CJUE : quelle protection pour les pièces détachées automobiles ?
Un constructeur automobile peut-il interdire l’usage pour des calandres d’un signe identique ou similaire à la marque dont il est titulaire ?Le constructeur automobile Audi est titulaire d'une marque figurative de l’Union européenne représentant quatre cercles qui se chevauchent, enregistrée, entre autres, pour des véhicules, des pièces détachées et des accessoires automobiles.
Cette marque est reproduite et utilisée en tant qu’emblème d’Audi. Le constructeur a agi en justice contre un commerçant polonais qui offrait à la vente, en en faisant la publicité sur son site internet, des calandres non originales adaptées pour d’anciens modèles de voitures Audi. Ces calandres comportaient un élément dont la forme était similaire ou identique à cette marque et conçu pour la fixation de l’emblème d’Audi. Saisi de ce litige, le juge polonais a demandé à la Cour de justice de l'Union européenne (CJUE) si la commercialisation des pièces détachées automobiles constituait, selon le règlement (UE) 2017/1001 du 14 juin 2017, un "usage d’un signe dans la vie des affaires" susceptible de porter atteinte aux fonctions de la marque Audi et si le titulaire de cette marque pouvait interdire à un tiers un tel usage.
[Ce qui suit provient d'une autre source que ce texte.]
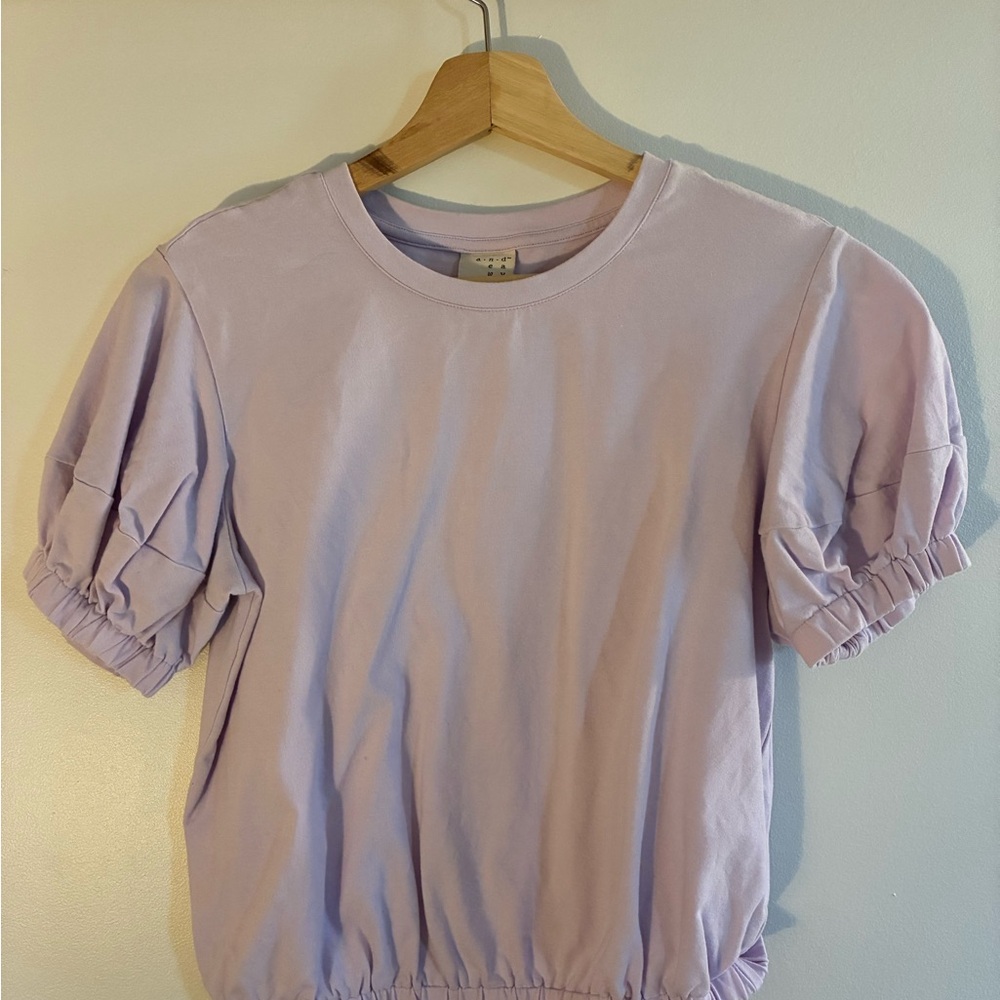 a new day Lavender Puff Sleeve Short Sleeve Tee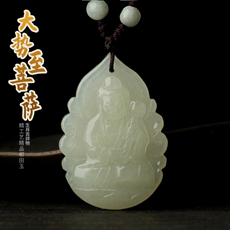 【精工艺】和田玉白玉属马本命佛吊坠★中号大势至菩萨玉佩★属马生肖吉祥物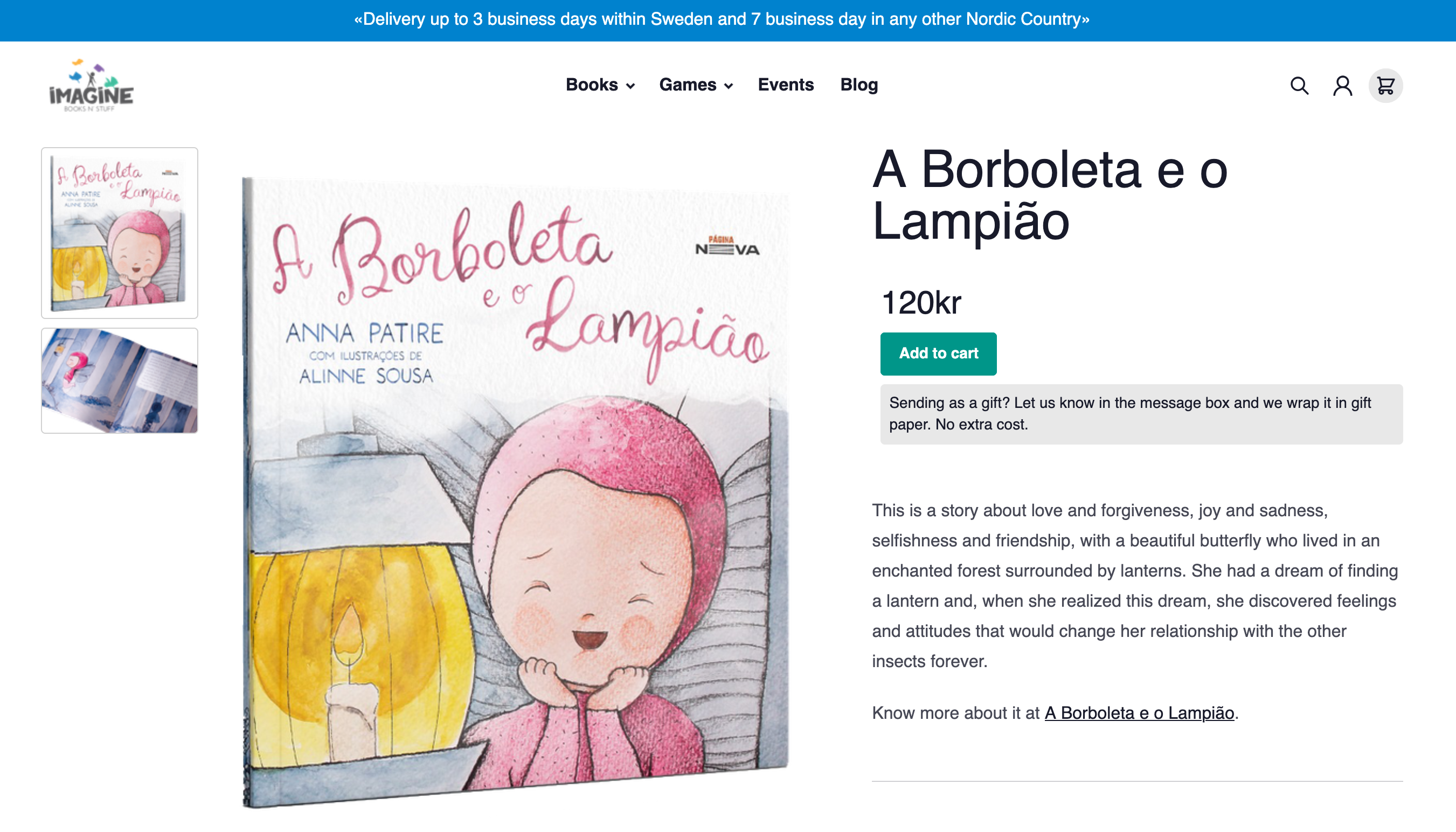 A productpage for a book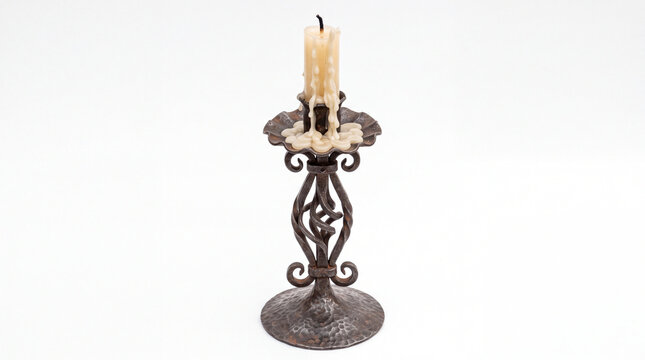 Vintage wrought iron candlestick with melted candle on white background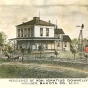 Colored print illustrating the home of Ignatius Donnelly in Nininger, Minnesota, 1874.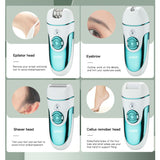 4in1 electric women epilator female shaver leg body hair removal lip chin depilatory lady bikini trimmer facial hair remover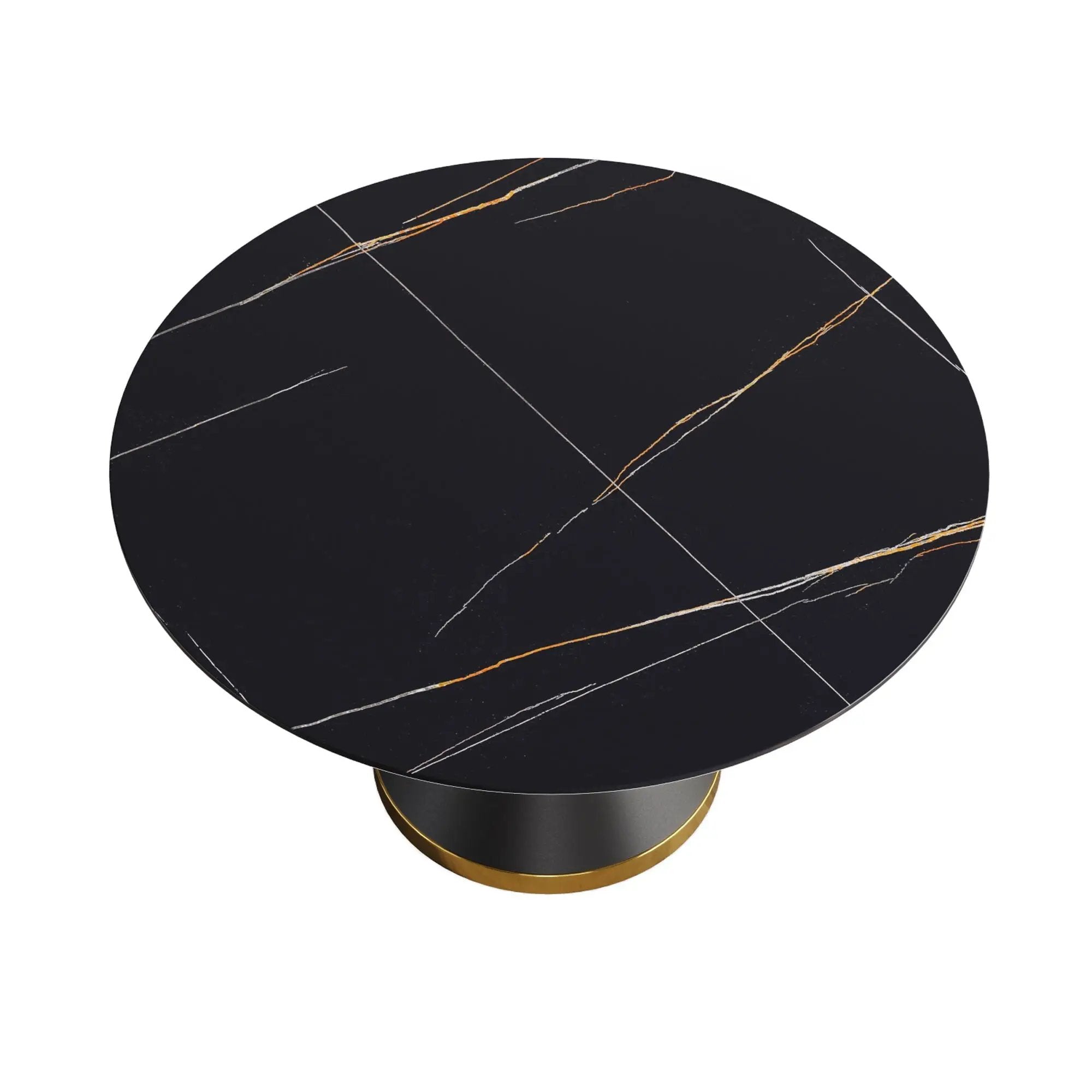 Round Modern Artificial Stone Carbon Steel Base Dining Table, Can Accommodate 6 People - Black by HouseOfZazla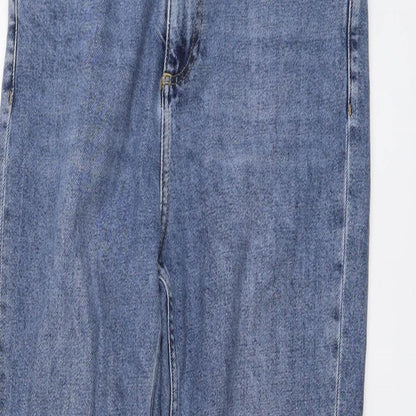 Topshop Womens Blue Cotton Straight Jeans Size 28 in L29 in Regular Button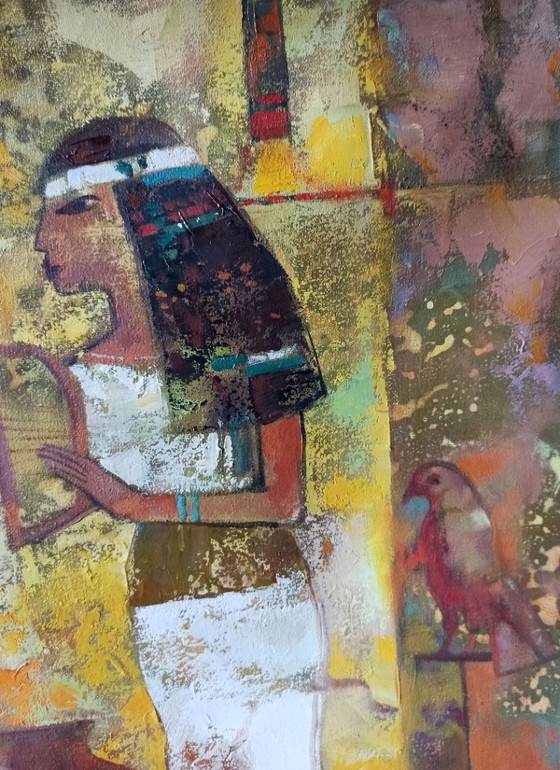Original Oil Painting Abstract Figurative Girl Gifts to Pharaoh – Paintings & Drawings, Canvas (photo 4 of 13)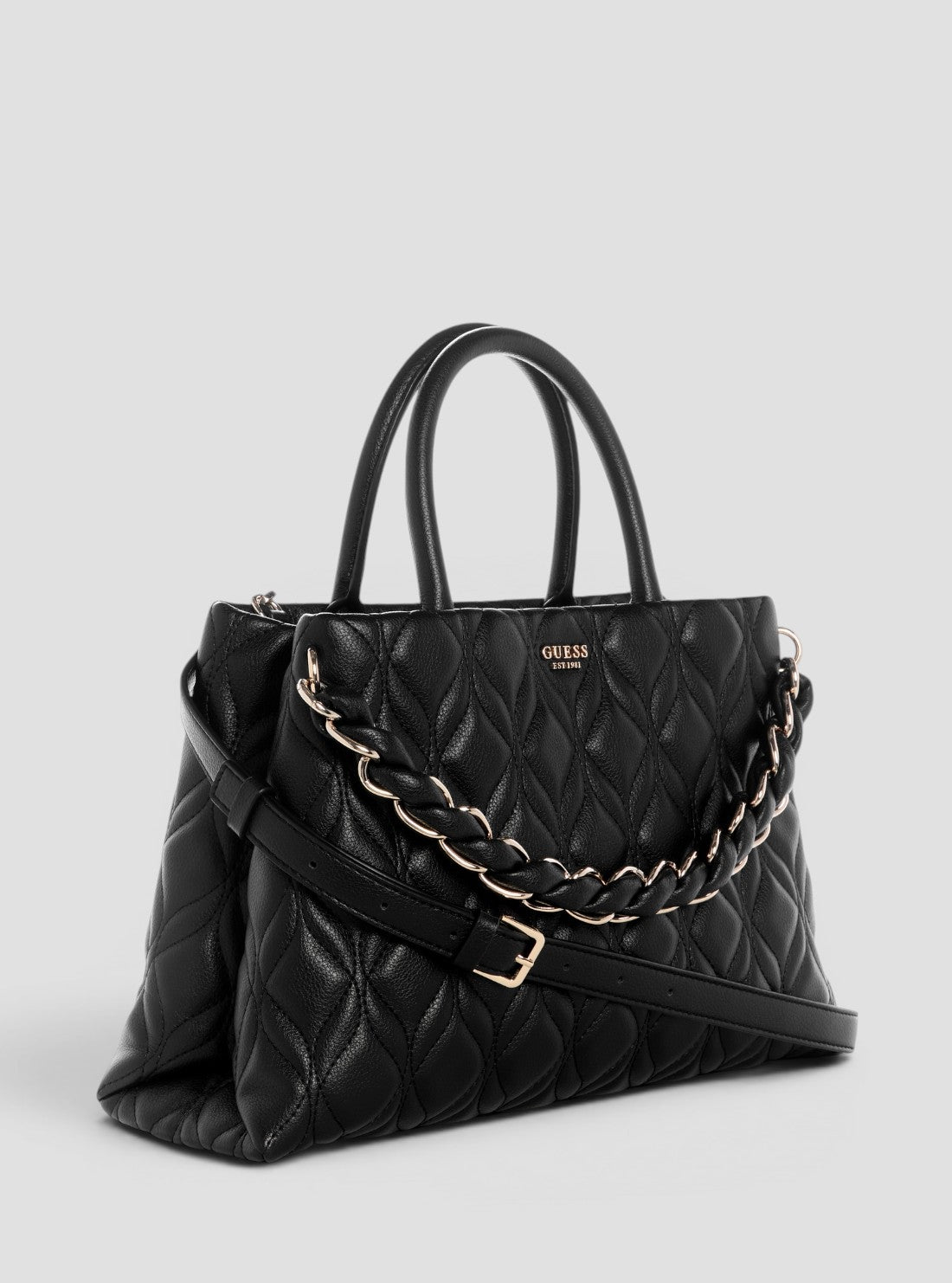 GUESS Womens Black Maxine Girlfriend Satchel Bag QG973306 Side View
Dans son arrêt rendu le 25 janvier 2024 (affaire C-334/22), la CJUE relève tout d’abord que la clause de réparation prévue pour les dessins ou modèles n’est pas applicable. Ensuite, elle note que, en l’occurrence, les calandres ne proviennent pas du titulaire de la marque Audi et sont mises sur le marché sans le consentement de celui-ci. Or, l’élément conçu pour la fixation de l’emblème d’Audi y est intégré aux fins de la commercialisation des calandres par le tiers. Il est visible pour le public souhaitant acheter une telle pièce détachée. Cela pourrait constituer un lien matériel entre la pièce détachée en question et le titulaire de la marque Audi. Dès lors, un tel usage est susceptible de porter atteinte aux fonctions de la marque consistant notamment à garantir la provenance ou la qualité du produit. La Cour ajoute que, lorsque le choix de la forme de l’élément conçu pour la fixation de l’emblème du constructeur automobile est guidé par la volonté de commercialiser une calandre qui ressemble d’une manière aussi fidèle que possible à la calandre originale, le droit de l’Union ne limite pas le droit exclusif de ce constructeur titulaire de la marque d’interdire de faire usage d’un signe identique ou similaire.